When I was about to jump ship from academia to start my coaching practice, I attended the annual conference of Austin Women in Technology (AWT). That’s where I met some of the powerful, inspiring women (like Sylvia Acevedo and Laura Kilcrease) who have helped me along my journey.
Author of Wander Woman: How High-Achieving Women Find Contentment and Direction, Reynolds will be delivering the lunch keynote. She graciously carved time out of her busy schedule to answer a few questions about women and power:
How do you define power?
There is situational power that we are given due to leadership titles or positions. This means people need to follow our lead whether they want to or not. The other power, inner power, results when people want to follow our lead. They give us the right to wield power when they admire our talents, skills, and wisdom. They give us the right to wield power when we demonstrate behaviors and standards that they aspire to learn. They give us the right to wield power when we show we care about helping others to shine. People give us the authority to use power based on who we are and what we do. The challenge, then, is to accept the power we are given and use it in a responsible way.
Why is it important for women to embrace power?
Many women don’t embrace their power because they don’t like to publicly acknowledge they have it.
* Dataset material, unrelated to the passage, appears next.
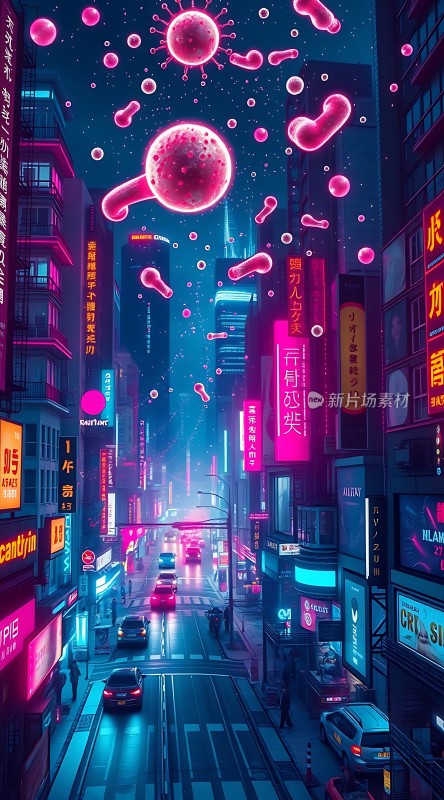 霓虹灯下的病毒都市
It’s likely that they do this because they still face criticism in social and business situations if they admit to enjoying the feeling of power. It is still not safe for women to see their power as a gift. Yet if women don’t embrace their power, people will continue to perpetuate myths that women don’t like power or don’t know what to do with it if they have it. Women need to show they are comfortable and even enjoy having power. They need to admit that they like feeling in control and don’t like it when others try to take that control away. They need to acknowledge that they like being listened to and accept compliments about their wit and intelligence. Above all, women like doing important work and feeling that their work is significant. They just need to be comfortable admitting this to themselves first, and then to others. If you are a strong, smart women, what small steps can you take today to test whether your assumptions about the bad effects of showing your power are true? What little things can you do today to begin to convince your brain that publicly acknowledging your power is good? If you can prove to your brain that you will be admired more than criticized, that you will gain supportive friends to replace the ones you lose, and that you can handle the increasing responsibilities given to you (especially if you know how to powerfully ask for help), then your beliefs about your power will change.
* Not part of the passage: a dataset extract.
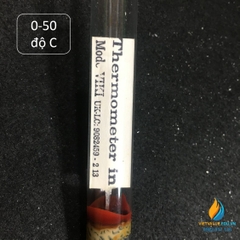 Tỷ trọng kế có kèm nhiệt kế khoảng đo từ 0 đến 50 độ C, tỷ trọng 0 đến 60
When do you feel most powerful?
I feel most powerful when I am speaking to a large group or teaching a class to coaches or leaders and I recognize how much I have to share from my experiences and education. When we engage in deep dialogue about the subjects and I know their minds are changing right before my eyes, then I know I’m doing the work I am meant to do. I feel powerful and grateful at the same time.
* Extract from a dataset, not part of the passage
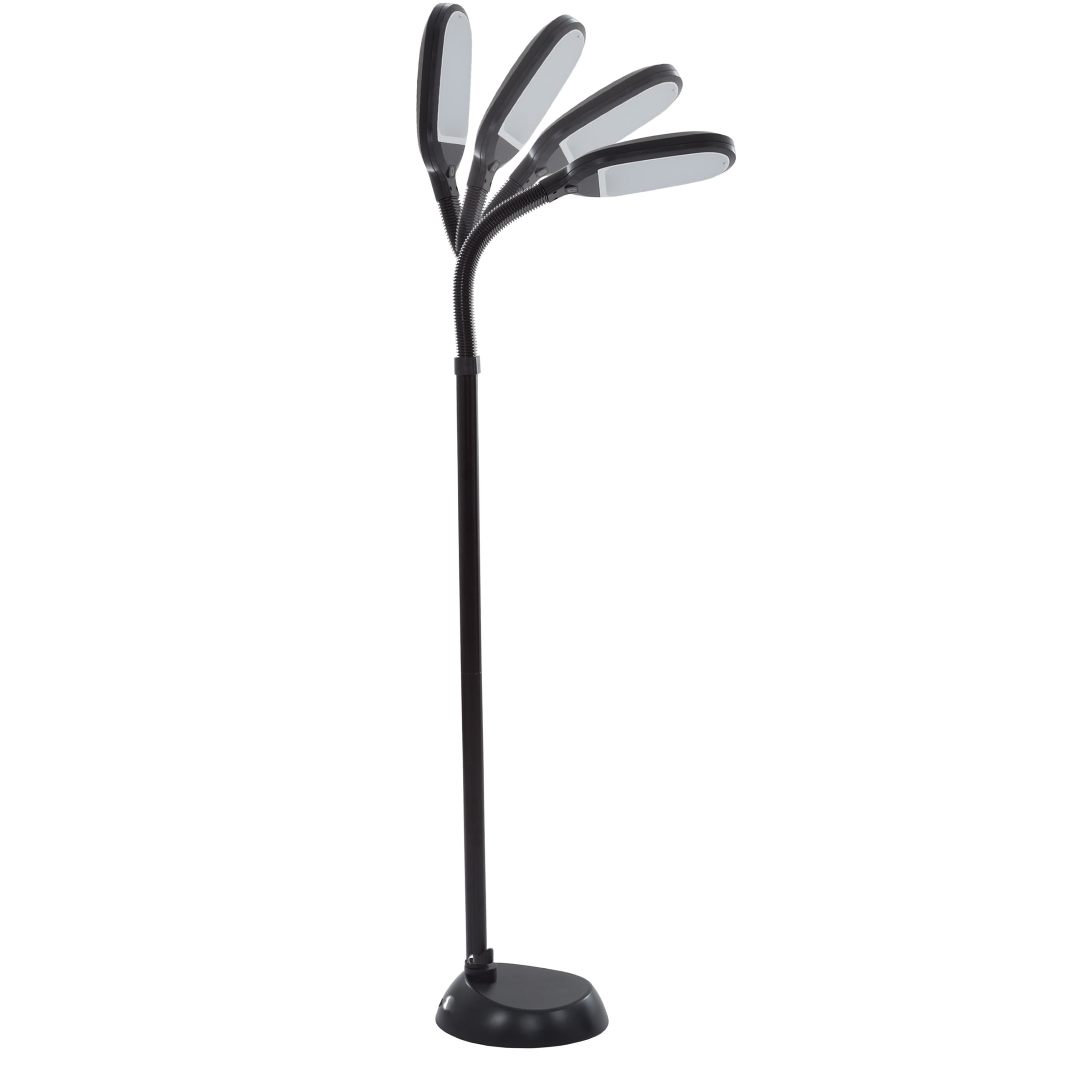 Hastings Home Natural Daylight LED Floor Lamp 60-in Black Arc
Who are some powerful women you admire?
I have admired Gloria Steinem for years. She graciously accepts her power and doesn’t abuse it. Her message of equality and collaboration gets confused by sexism rhetoric, but she continues to speak up for what she believes with ease and elegance. She demonstrates the difference between being a strong, pushy woman and being a woman of strength and grace. I also admire my coach, Harriett Simon Salinger. She is a wise woman in her 70’s who embarks on personal growth journeys with intensity and joy. She models releasing ego to be present and find the truth. She holds her power so lightly that people feel she is their soulmate within minutes of knowing her. When I am with her, I feel an inner peace that eludes me in my busy days. I hope to walk a path like hers as I grow into my wisdom.